Я заверил, что вовсе не жидкое – в самый раз. Наши взгляды встретились и поспешно разошлись, разбежались, но я успел заметить расплывшуюся у виска черную косметическую краску. Сколько же лет ей? Разумеется, я знал, какого она года, хорошо помнил, когда она родилась, и никогда не забывал поздравить, – но, вопрошая самого себя, риторически, сколько ей лет, я, конечно же, имел в виду не метрику. Всякому человеку, убежден я, уготован природой свой собственный возраст. Генетический, назовем его так. К нему-то безотчетно и стремится он всю жизнь, без смака и полноты самоощущения отбывая, как утомительную повинность, иные возрасты. Хочешь не хочешь, а надо ведь пройти через них, как через некие промежуточные станции, чтобы попасть на станцию конечную, где тебя ждут, где ровное светит солнце и где ты, расслабившись, готов пребывать до скончания века.

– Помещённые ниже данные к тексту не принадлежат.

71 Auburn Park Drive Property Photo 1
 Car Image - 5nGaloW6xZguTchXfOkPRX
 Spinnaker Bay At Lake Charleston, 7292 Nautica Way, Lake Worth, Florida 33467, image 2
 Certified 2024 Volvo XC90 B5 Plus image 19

Это не обязательно старость. Одни застревают в зрелых годах, а другие, как известно, вечно молоды и, любимчики богов, плюют на проносящиеся за окном станции. Именно к последним и принадлежит моя мама.
Мне ее генетический возраст не передался. Или, может быть, писатели стареют быстрее других? «Всякое чувство, возникающее в моей душе, прокисает, как вино, которое налили в слишком долго служивший сосуд». Сколько было Флоберу, когда он написал это? Двадцать четыре года… Тургенев в тридцать шесть кается, что-де «на старости лет едва ли не влюбился», Гончаров в сорок с лишним называет себя «мертвым, утомленным, равнодушным ко всему, даже собственному успеху», а Чехов таковым ощущал себя, когда ему еще не было тридцати. Да и Пушкин тоже… Видимо, чужие судьбы, пропущенные через себя за письменным столом, следует засчитывать в общий жизненный стаж.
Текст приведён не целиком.